(Web page caption snippets)

━━━━━━━━━━━━━━━━

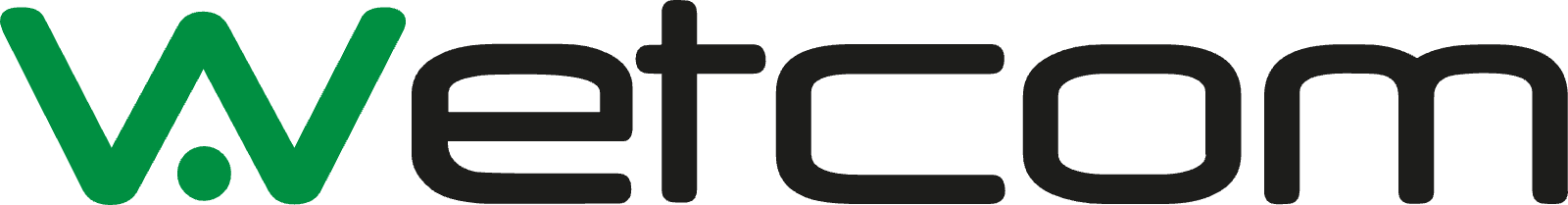 Wetcom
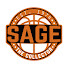 pl9urUyXf1s-channel-avatar-Sage The Collector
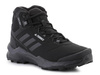 Adidas Terrex AX4 MID BETA COLD.RDY GX8652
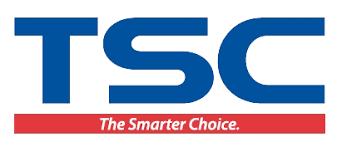 TSC
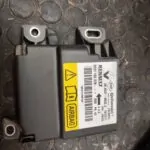 KIT AIRBAG 106630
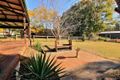 Property photo of 66A Avondale Road Cooranbong NSW 2265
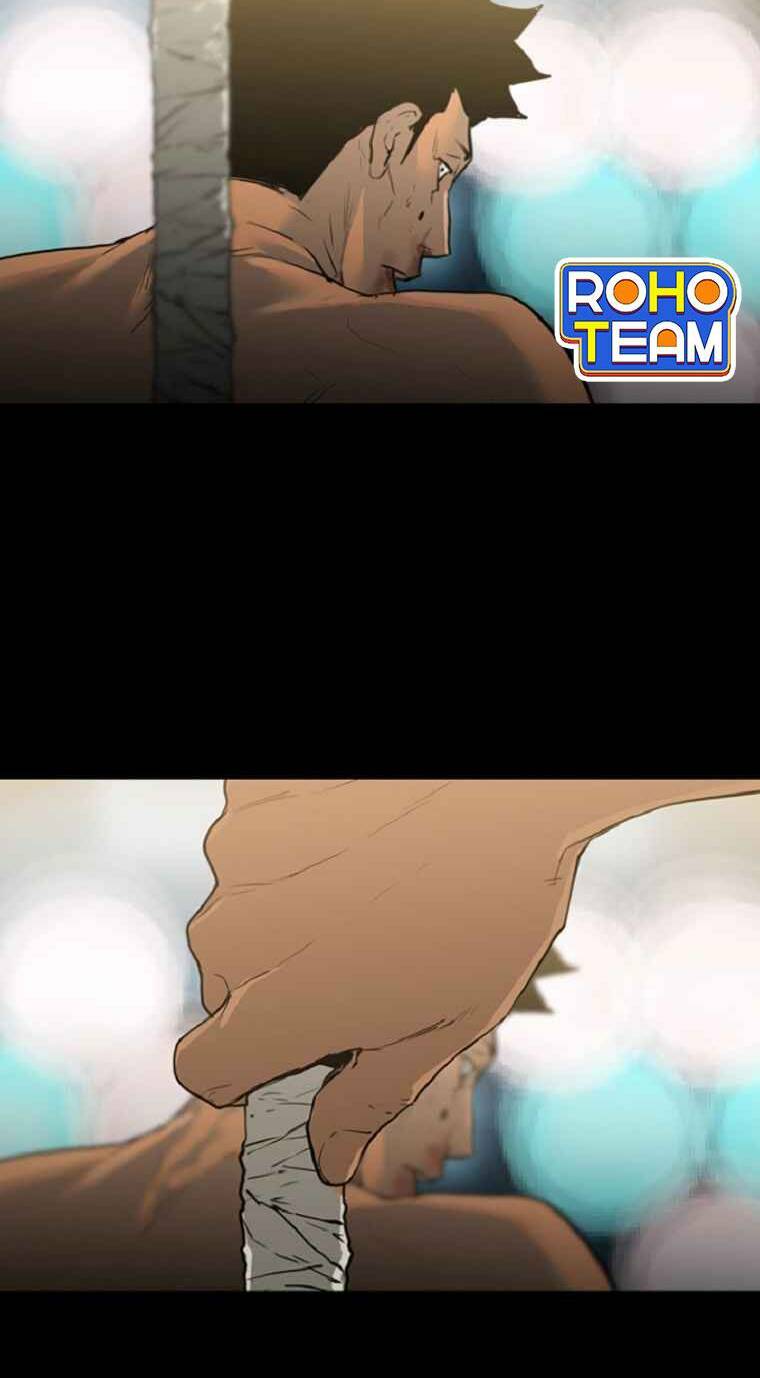 đấu trường phán xử chapter 0 64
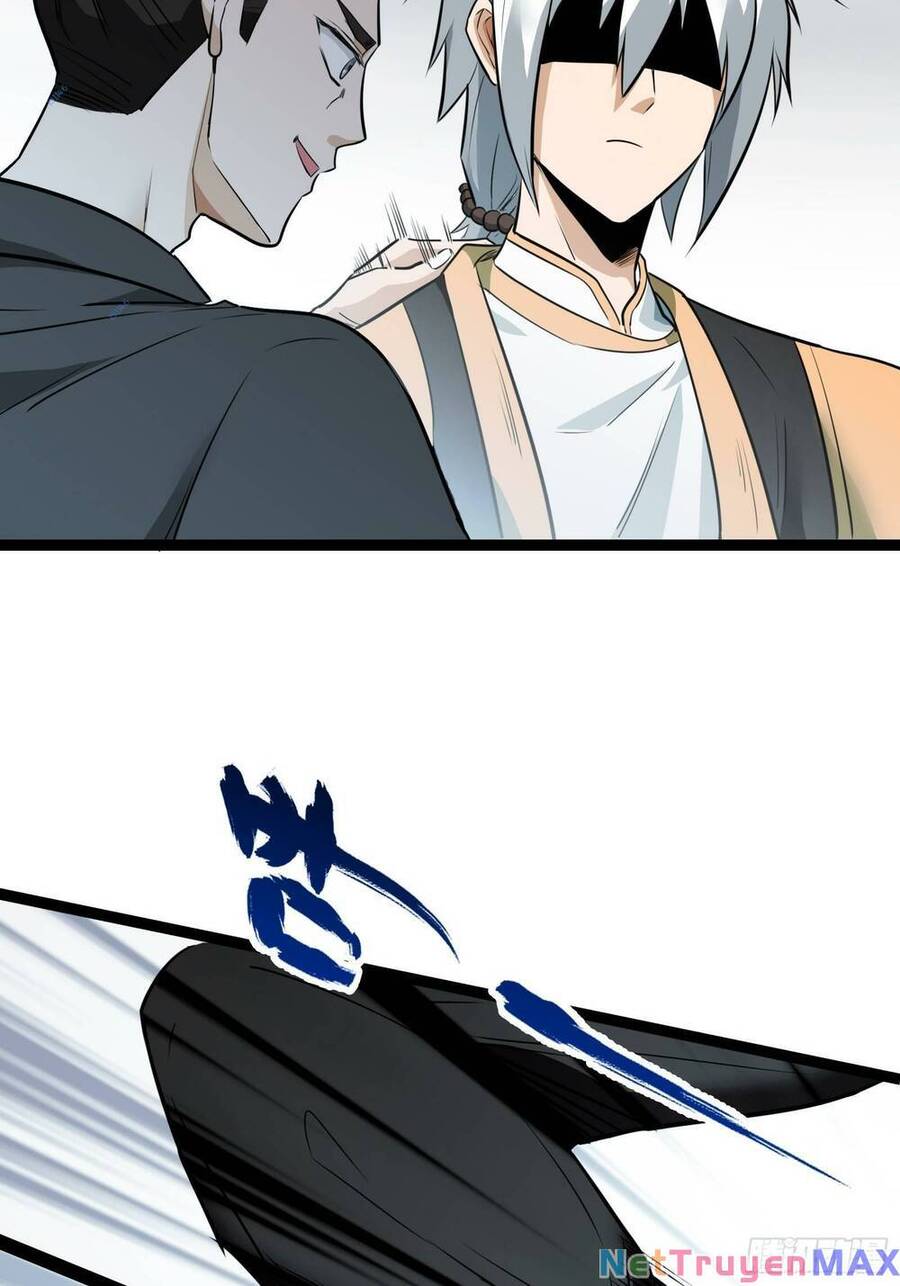 Tạ U Thiên Sư Chapter 32 - Trang 2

━━━━━━━━━━━━━━━━

▸ **Exercise**:
Once you reach the line containing "pl9urUyXf1s-channel-avatar-Sage The Collector", print it and every line after it exactly, through the end of the entries, without any pictures.

▸ **Response box**:
 pl9urUyXf1s-channel-avatar-Sage The Collector
 Adidas Terrex AX4 MID BETA COLD.RDY GX8652
 TSC
 KIT AIRBAG 106630
 Property photo of 66A Avondale Road Cooranbong NSW 2265
 đấu trường phán xử chapter 0 64
 Tạ U Thiên Sư Chapter 32 - Trang 2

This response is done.